Walter Wadsworth

Personal information
- Date of birth: 7 October 1890
- Place of birth: Bootle, England
- Date of death: 12 October 1951 (aged 61)

= Walter Wadsworth =

English footballer

Walter Wadsworth (7 October 1890 – 12 October 1951) was a footballer who played for Liverpool in the early part of the 20th century.

==Life and playing career==
Born in Bootle, Liverpool, Merseyside, England, local lad Wadsworth played for Lingdale and Ormskirk before being signed, as an amateur, by Liverpool manager Tom Watson, on 23 April 1912, he was to make his debut on 20 March 1915 in a First Division fixture at Ayresome Park against Middlesbrough, the game ended badly for the Reds as they slumped to a heavy 3–0 defeat.
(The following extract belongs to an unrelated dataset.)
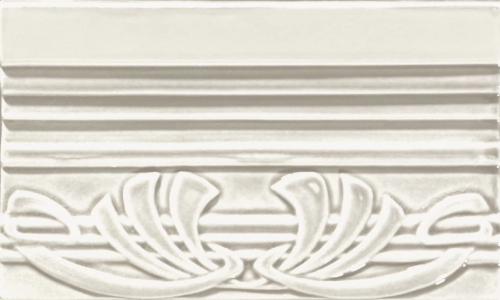 GRAZIA CERAMICHE EPOQUE TERMINALE DECO BIANCO CRAQUELE 12x20 TED5 Listwa Dekoracyjna - YETI WARSZAWA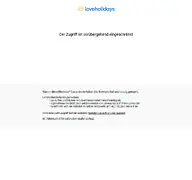 Kleine Seitenvorschau von loveholidays.com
He didn't manage to score his first Liverpool goal until 28 August 1920, this was mainly due to the First World War, it came in a match at Anfield against Man City, more happily for Wadsworth, Liverpool won the match 4–2.

Although the Great War interrupted Wadsworth's career, the uncompromising centre-half did play for Liverpool during this spell in the Lancashire tournament that was set up along with the other 3 regional tournaments. Upon returning to Liverpool after the conclusion of the war, Walter had a strong season playing in 33 of Liverpool's league fixtures, he was joined during this spell by his brother Harold, unfortunately, Harold never had the same impact on the club that Walter had and only made just over 50 sporadic appearances in five years.

Walter was a major player in the back-to-back championship winning seasons, missing just 10 of the 84 leagues games available. He remained a stalwart of the side for the next two campaigns but towards the end of the 1924–25 season, David Pratt replaced him in the starting line-up. He would subsequently make only four appearances during the following season which turned out to be his last as he was allowed to leave for Bristol City on 14 May 1926.

Before finally retiring Wadsworth went on to represent Flint Town, New Brighton and Oswestry Town.

==Career details==

- Liverpool F.C (1912–1926)† 241 appearances, 8 goals - Two First Division Championships winners medals (1922 and 1923)
†Wadsworth career was interrupted for 4 years due to the 1914/18 war.